I did not have my nipple trimmed during install, and they run fine? no noise or teetering... the only thing is they 'pop' into place when i air up after being aired all the way out.

my only dilemma with this way is - if i run wide enough wheels, there's the potential that the wheels hold my car up at the fender, and going to 0 psi may unseat the bag from the nipple and when I go to air up, it the d-cup may not pop in. however, i feel like bolting the bag into the frame, when you go on a lift, that bag is now going to be stretched. can't decide which route to go here, especially since - if i feel like shelling out the cash, to go with bagyard rears, so the nipple will need to stay intact.


----------



## juldupp (Feb 12, 2011)

prospal said:


> I did not have my nipple trimmed during install, and they run fine? no noise or teetering... the only thing is they 'pop' into place when i air up after being aired all the way out.
> 
> my only dilemma with this way is - if i run wide enough wheels, there's the potential that the wheels hold my car up at the fender, and going to 0 psi may unseat the bag from the nipple and when I go to air up, it the d-cup may not pop in. however, i feel like bolting the bag into the frame, when you go on a lift, that bag is now going to be stretched. can't decide which route to go here, especially since - if i feel like shelling out the cash, to go with bagyard rears, so the nipple will need to stay intact.

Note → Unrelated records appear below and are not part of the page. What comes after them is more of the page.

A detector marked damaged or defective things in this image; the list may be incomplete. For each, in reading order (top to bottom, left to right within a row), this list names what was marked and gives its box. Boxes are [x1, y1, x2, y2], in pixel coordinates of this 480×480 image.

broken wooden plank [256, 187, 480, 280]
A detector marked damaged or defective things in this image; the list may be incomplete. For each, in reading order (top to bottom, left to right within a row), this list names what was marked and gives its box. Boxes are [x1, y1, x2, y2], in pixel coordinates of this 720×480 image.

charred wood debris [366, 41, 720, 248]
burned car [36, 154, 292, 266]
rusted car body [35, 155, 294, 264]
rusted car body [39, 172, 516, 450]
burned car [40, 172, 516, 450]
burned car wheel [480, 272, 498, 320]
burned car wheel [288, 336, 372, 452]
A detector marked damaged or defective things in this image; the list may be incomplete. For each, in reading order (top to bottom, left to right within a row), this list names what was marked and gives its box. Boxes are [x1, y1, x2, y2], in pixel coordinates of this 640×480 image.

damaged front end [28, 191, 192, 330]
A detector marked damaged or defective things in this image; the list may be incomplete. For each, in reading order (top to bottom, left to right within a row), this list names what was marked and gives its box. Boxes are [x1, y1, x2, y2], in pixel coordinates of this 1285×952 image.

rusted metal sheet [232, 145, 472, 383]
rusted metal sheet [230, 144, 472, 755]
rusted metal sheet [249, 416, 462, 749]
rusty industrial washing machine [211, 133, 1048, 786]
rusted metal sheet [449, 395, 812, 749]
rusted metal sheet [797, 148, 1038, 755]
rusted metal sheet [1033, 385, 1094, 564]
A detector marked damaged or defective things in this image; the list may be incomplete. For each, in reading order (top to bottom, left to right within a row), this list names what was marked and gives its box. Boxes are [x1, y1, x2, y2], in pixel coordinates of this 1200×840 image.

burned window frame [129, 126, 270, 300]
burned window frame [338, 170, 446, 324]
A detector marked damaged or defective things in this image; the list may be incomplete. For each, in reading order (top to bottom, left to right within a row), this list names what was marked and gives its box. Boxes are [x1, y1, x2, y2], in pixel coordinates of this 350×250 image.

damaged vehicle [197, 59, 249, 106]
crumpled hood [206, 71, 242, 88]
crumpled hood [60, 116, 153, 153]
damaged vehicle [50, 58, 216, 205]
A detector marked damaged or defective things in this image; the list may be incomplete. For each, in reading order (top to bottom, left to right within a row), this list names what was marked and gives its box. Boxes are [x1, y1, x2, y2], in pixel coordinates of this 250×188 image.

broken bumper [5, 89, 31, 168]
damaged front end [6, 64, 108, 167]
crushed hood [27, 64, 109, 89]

Ok ill trim it at first install lol, The last question is should i go with 4 ss-5 or just in the back and airlift in front, airlift looks good with the lifetime warranty, front are more likely to break than back, right?


----------



## bryangb (Jun 16, 2010)

You can't run ss5's in the front. Slam xlt's in the front and ss5 rear bags with your choice of shocks in the rear. 

You can always weld a piece of 1" pipe on where the nipple was if you ever go back to springs :beer:


----------



## bryangb (Jun 16, 2010)

My ss5's with no nipple or top cup make 0 noises when I air up and nothing "pops" into place :beer: :beer:


----------



## juldupp (Feb 12, 2011)

Ss-5 are backorder id have to go with re-5, is it still good enough to kiss the floor and are they stronger?


----------



## Squirrel Nuts (Aug 25, 2010)

juldupp said:


> Ss-5 are backorder id have to go with re-5, is it still good enough to kiss the floor and are they stronger?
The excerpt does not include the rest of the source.